Todo marketing político é baiano?

15/02/2014 - revista B+
A incrível safra de marqueteiros made in Bahia
Que água beberam os baianos que ditam os rumos da política no país?


por Geraldo Machado

Sempre me indaguei quais motivos levam algumas épocas, ainda que isso aconteça espaçadamente, a serem tão pródigas em produzir safras exuberantes de talentos, gerando em torno de si um ambiente de extrema criatividade. Ao longo de grandes estirões do tempo, a coisa parece estacionar numa mesmice, a qualidade do impulso criativo tende ao medíocre e o saldo da produção coletiva resulta repetitivo. Na música, na literatura, no cinema ou nas artes visuais, a norma se estabelece em termos banais, os modelos se eternizam esticandose em permutas estéreis, e, muitas vezes, um certo “maneirismo” decadente toma o lugar da verdadeira criação. Entretanto, como sintetizou o poeta baiano Caetano Veloso: “É incrível a força que as coisas parecem ter quando elas precisam acontecer”. E as coisas vão emergindo de repente, em metamorfoses ambulantes. Esses momentos especiais geralmente decorrem de uma forte liderança, ou de uma conjugação de energias coletivas, em simultaneidade, produzindo uma espécie de caldo cultural não muito apercebido, até que eclodem. A brotação é muitas vezes acelerada por passagens críticas de rupturas ou fruto da quentura de certos momentos históricos que fazem as vezes de estufa, forja ou detonador.
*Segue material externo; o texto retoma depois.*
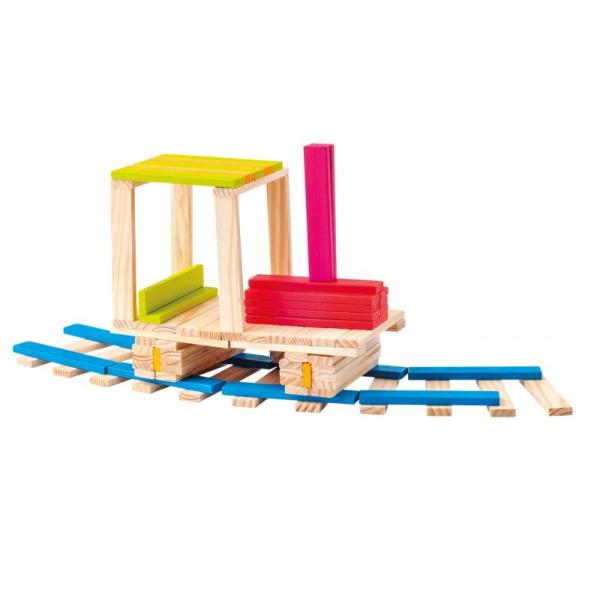 Woody Stavebnice v kyblíku přírodní / barevná – Emma, ​​200ks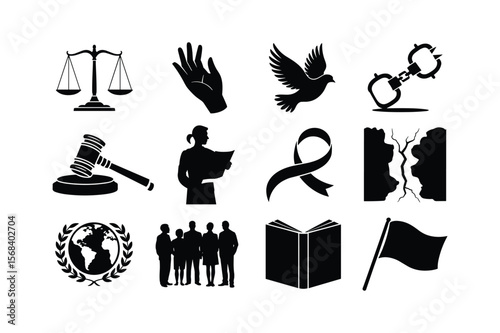 Scales of justice dove and gavel with people and book hand handcuffs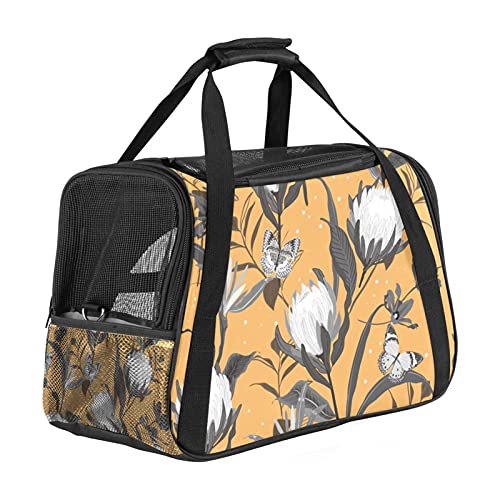 Protea Tragetasche mit Blumenmuster, tragbare Tragetasche mit Öffnung oben, abnehmbare Matte und atmungsaktives Netzgewebe, Transporthandtasche für Hunde und Katzen von AxssjS
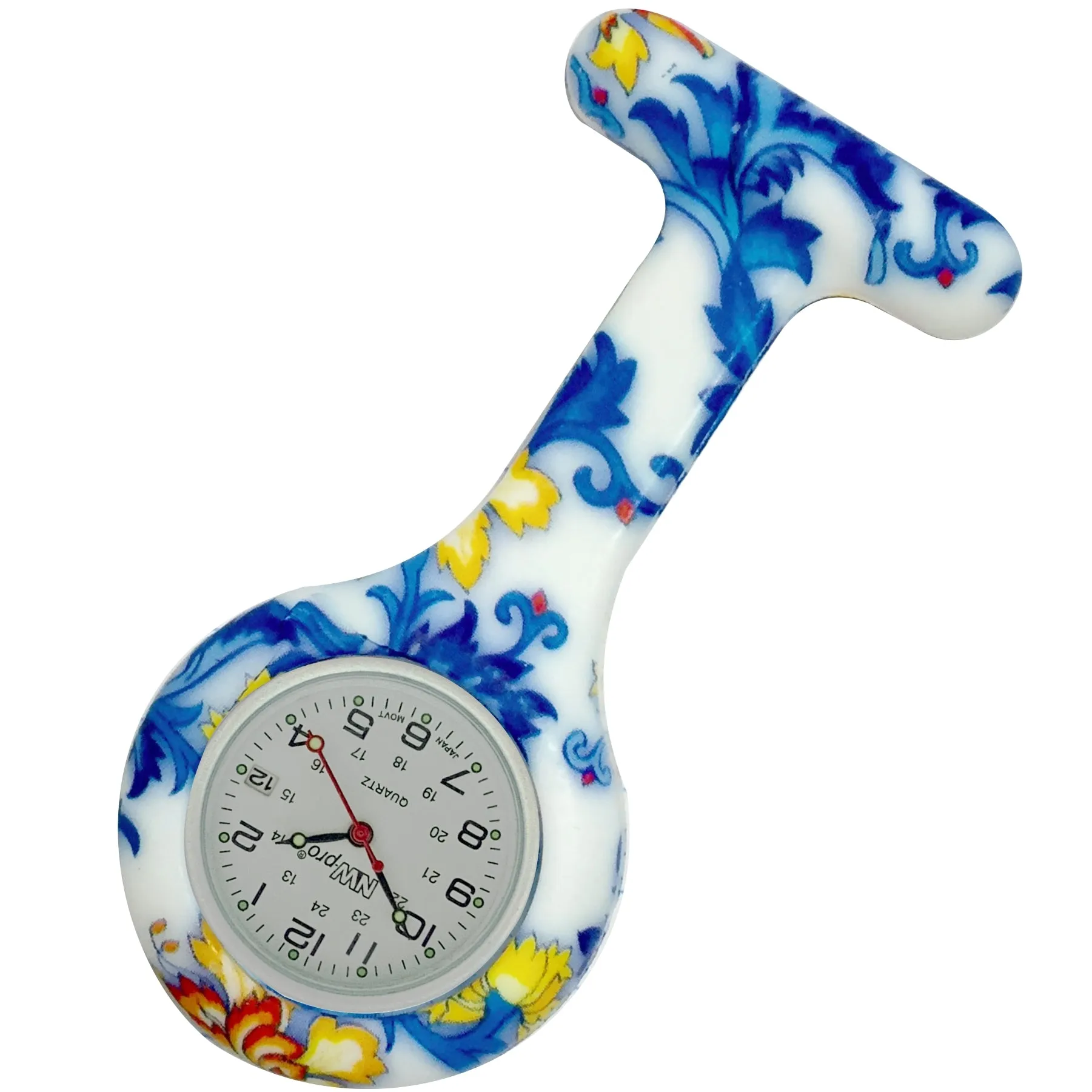 Silicone Pin-on Nurse Watch - Floral Pattern - White Date Dial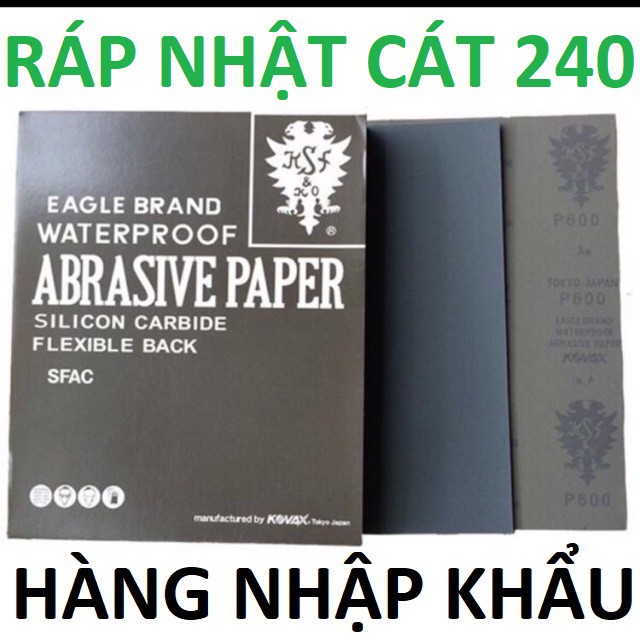 Giấy nhám Nhật 240 đen , giấy ráp chà xe máy, ô tô KOVAX , Nhập khẩu Nhật Bản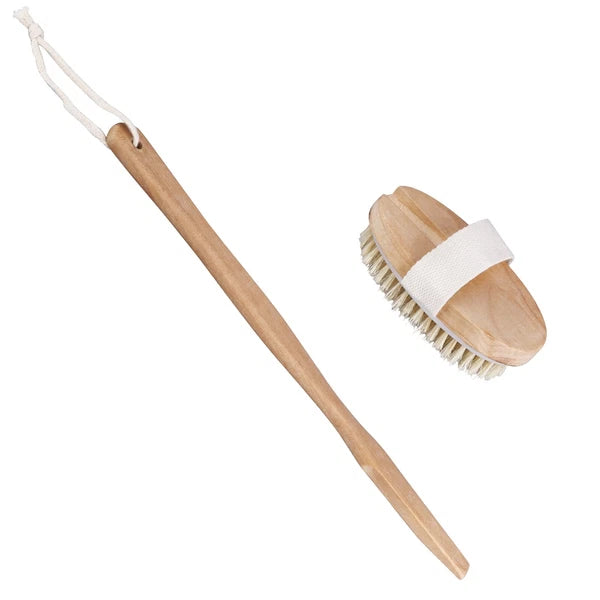 Natural Bristle Body Brush - Wooden Spa Scrubber for Dry Skin & Shower Care | US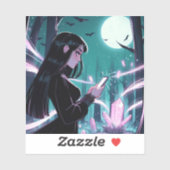 Sticker Crystals de charge de sorcière de Pleine lune dans (Feuille)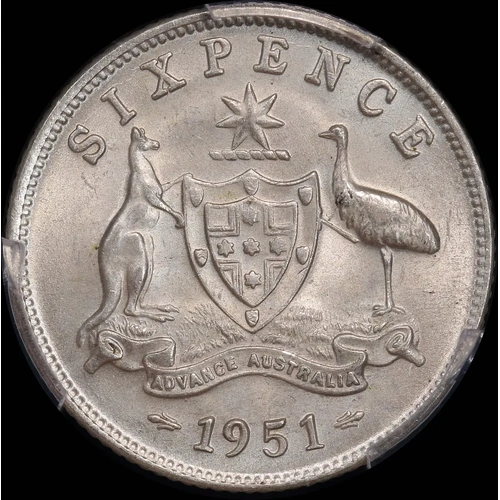1951 Sixpence Unc (PCGS MS62)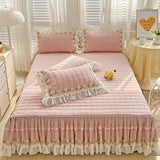 Gaeasapce  -  Pink Korean Princess Style Bedding Set Flowers Lace Ruffles Embroidery Quilted Thick Duvet Cover Bedspread Bed Skirt Pillowcases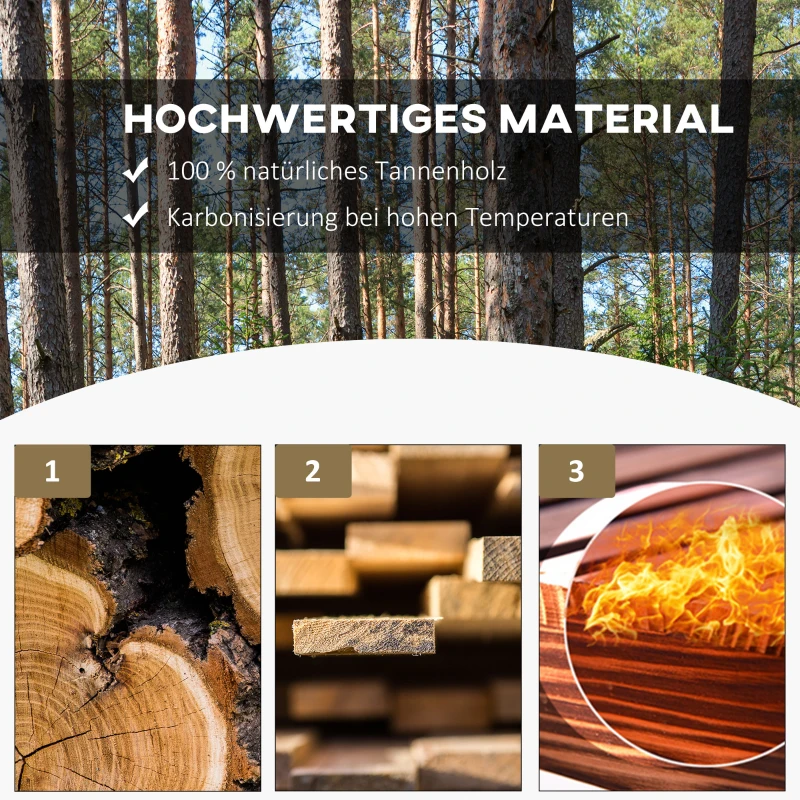 Outsunny tuinbank voor 2 personen, massief hout, natuurlijke kleur, 98 x 50 x 39.5 cm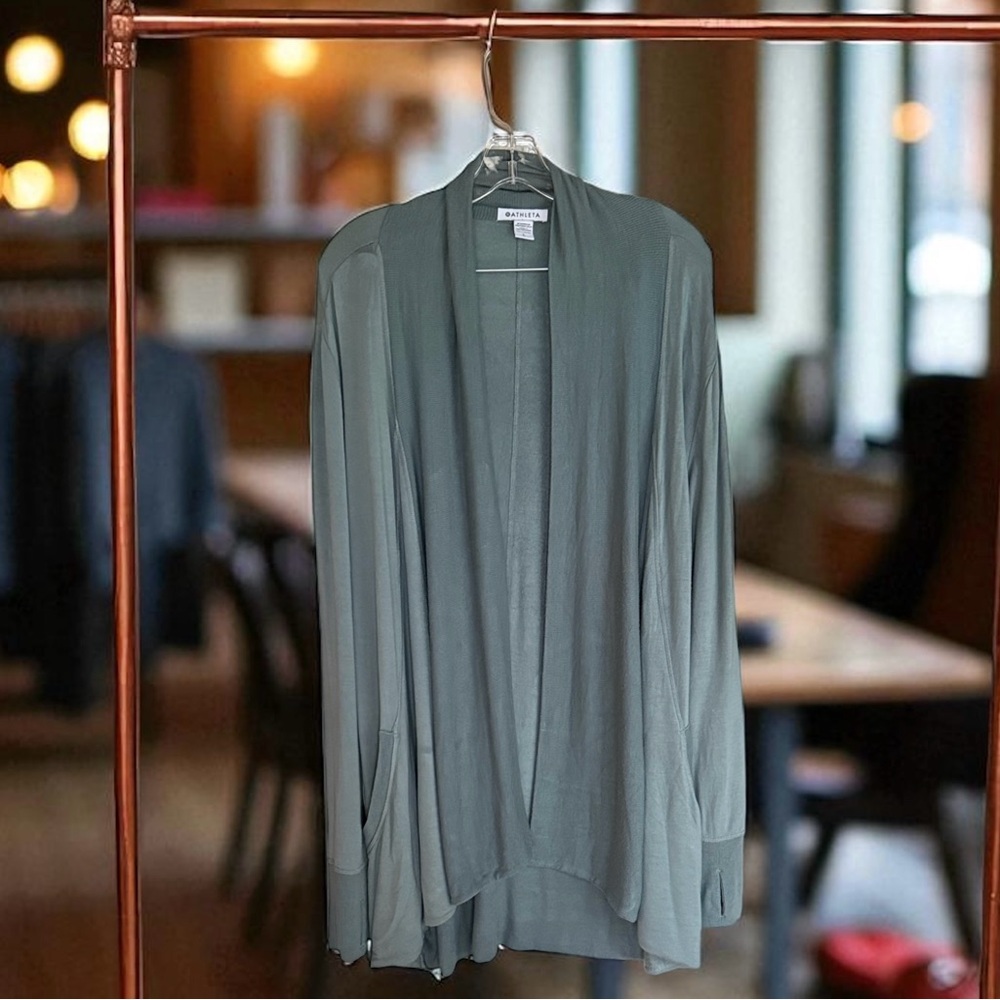 Athlete Pranayama Wrap Open Front Cardigan size L Sage Green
“Há alguns anos me peguei muito surpreso ao me dar conta de que boa parte do PIB brasileiro no marketing político estava nas mãos de um punhado de baianos. As maiores e mais poderosas agências de criação do país eram capitaneadas por conterrâneos, àquela altura nacionalmente conhecidos. Basta lembrar os nomes de João Santana, Nizan Guanaes, Duda Mendonça, Geraldo Walter, Sérgio Amado, Fernando Barros, Cláudio Barreto, Carlos Sarno, Fernando Passos, Sidônio Palmeira, Edinho Barbosa, José Roberto Berne, Alexandre Guimarães, Antônio Miranda, João Silva, Rodrigo Sá Menezes, entre tantas outras figuras prestigiosas no universo da criação, nomes que fazem saltar diante de nossos olhos a constatação de que alguma coisa muito incrível se passou por aqui por essas bandas, bem debaixo de nossos inadvertidos narizes. O fato é que vários desses profissionais do marketing político passaram a dominar a cena nacional.”

Mas como teriam sido criadas as bases de um berçário tão especial? De que é feita a placenta criativa que gera tantos filhos geniais? Que misteriosa incubadora foi essa, que adubos, que fertilizantes, produziram uma geração tão especial? Qual foi o ambiente político-cultural que lhes foi propício? Não tinha respostas prontas, minha postura era de investigação e perplexidade diante desse mistério difuso.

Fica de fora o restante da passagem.